Before starting to work on a section of the document, you need to make sure to get the most recent changes. You must absolutely always do this before starting to work! Go into the repository directory.
git pull -r 
(the "-r" is to make the pull a "rebase" -- don't worry about the meaning of this, just do it).  

(4) Committing and pushing changes.
Whenever you have completed a significant addition or change to the document -- this may be a completed or edited paragraph, something that takes no longer than about 30 minutes of work, you need to commit and push your changes so that others can pull them onto their computers.
git add [FILE YOU WERE EDITING]
git commit -m "Your commit message goes here"
git pull -r           # this is to pull in any changes by others!
git push
Please give sensible commit messages so that we others know what you changed!

(5) Looking at the history of changes and checking the status of your repo.
That's very easy! First pull in all recent changes via git pull -r. Then use git log to browse through the repository history. Try git status to see what the status of your repo is. This will tell you which files have changed and should be committed. It will also tell you which files you have not yet added (i.e. "untracked" files).

(6) Golden Rules
Working with version controlled documents is easy and painless as long as you obey two simple rules:
  1. Always git pull -r before starting to edit.
  2.  Extremely frequently:
    git add [FILE]
    git commit -m "[COMMIT MESSAGE]"
    git pull -r
    git push
If you stick to these rules, working collaboratively on the same document will be easy and conflicts will be rare.

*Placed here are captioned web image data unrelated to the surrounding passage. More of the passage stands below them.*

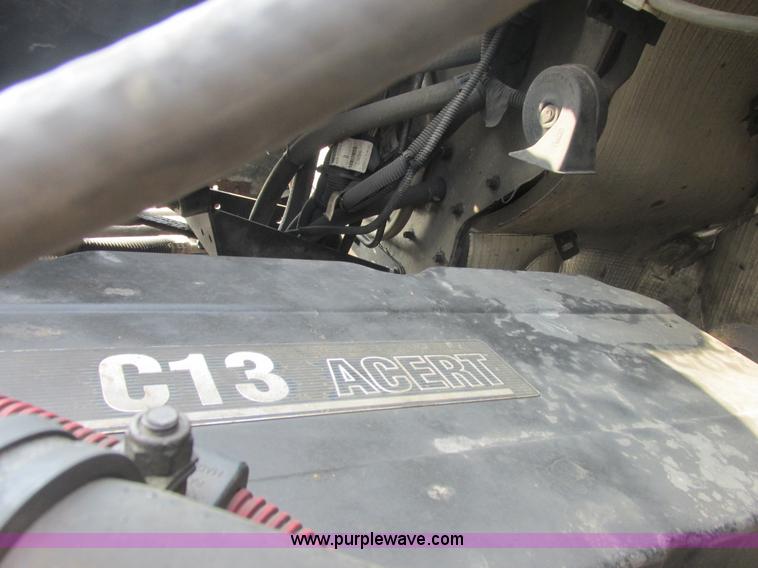 image for item AN9150 2007 Freightliner Columbia semi truck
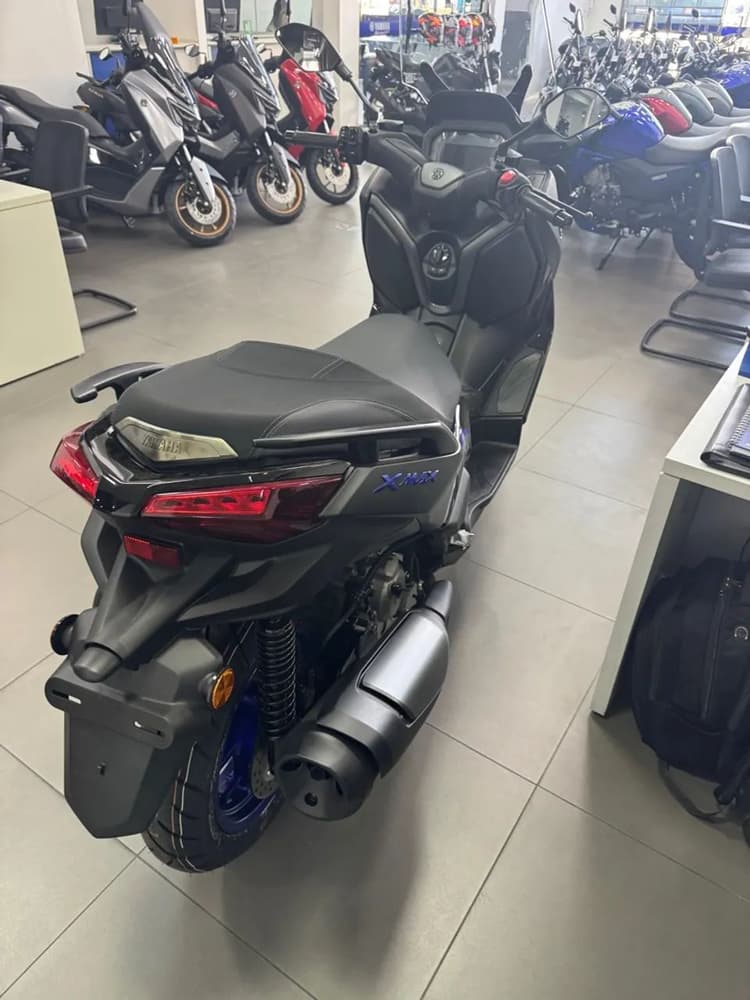 Xmax 300 26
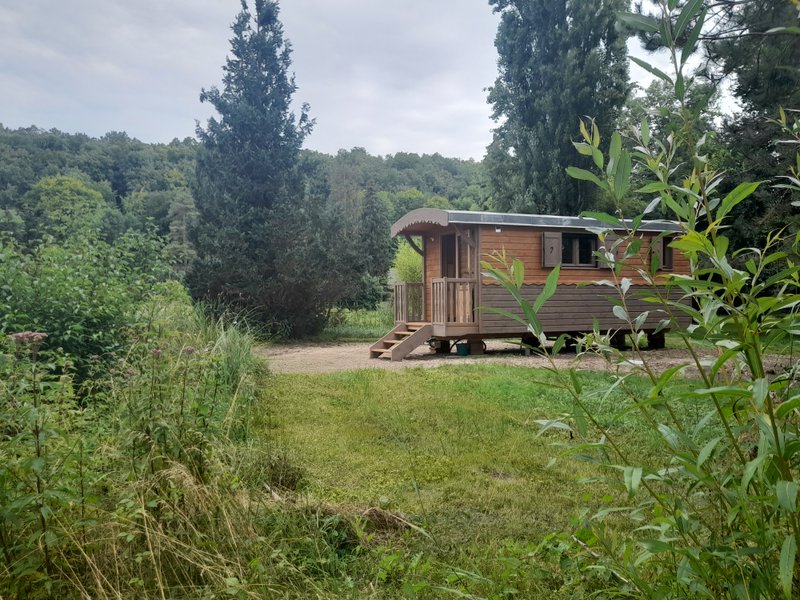 Hébergement AbracadaRoom : La roulotte des sources de Gulène - Image 2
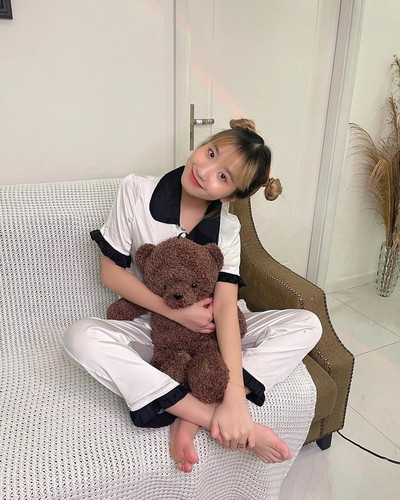 Dù chưa chính thức công khai nhưng netizen nắm được rổ hint hẹn hò của Khánh Huyền và bạn trai cũ của đàn chị là Linh Ngọc Đàm.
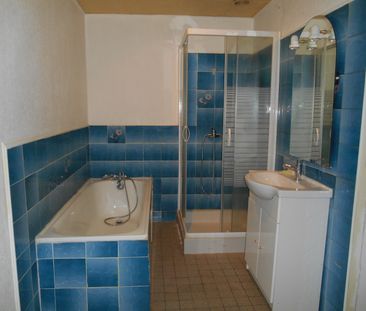 Location Appartement 4 pièces 109m² - Photo 4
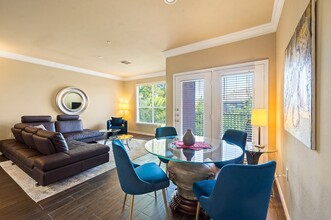 2400 McCue Rd, Unit 413 in Houston, TX - Building Photo - Building Photo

(7) Adding additional files to the repo
That's easy!
git add [FILENAME]
git commit -m "Added file [FILENAME] to repo"
git pull -r
git push
(8) Resolving merge conflicts
Oh boy. Somebody was editing the same portion of text you were editing (did you perhaps not sufficiently frequently commit and push?!?). You now need to resolve the conflict. Let's do this by example. Let's say you were editing a file called Readme.md. You added, committed, then pulled and ended up with the following git merge error:
remote: Counting objects: 5, done.
remote: Total 3 (delta 0), reused 3 (delta 0) Unpacking objects: 100% (3/3), done.
From github.com:hypercott/ay190test
23ae277..b13d53f master -> origin/master Auto-merging README.md
CONFLICT (content): Merge conflict in README.md
Automatic merge failed; fix conflicts and then commit the result.
Good luck! You now need to resolve the conflict. Let's look at the (hypothetical) file in question.
$ cat README.md 
ay190test 
========= 
<<<<<<< HEAD 
Test345 
=======
Test3
>>>>>>> b13d53f9cf6a8fe5b58e3c9c103f1dab84026161
git has conveniently inserted information on what the conflict is. The stuff right beneath <<<<<< HEAD is what is currently in the remote repository and the stuff just below the ======= is what we have locally. Let’s say you know your local change is correct. Then you edit the file and remove the remote stuff and all conflict stuff around it.
$ cat README.md 
ay190test 
=========
Test3
Next you git add and git commit the file, then you execute git push to update the remote with your local change. This resolves the conflict and all is good!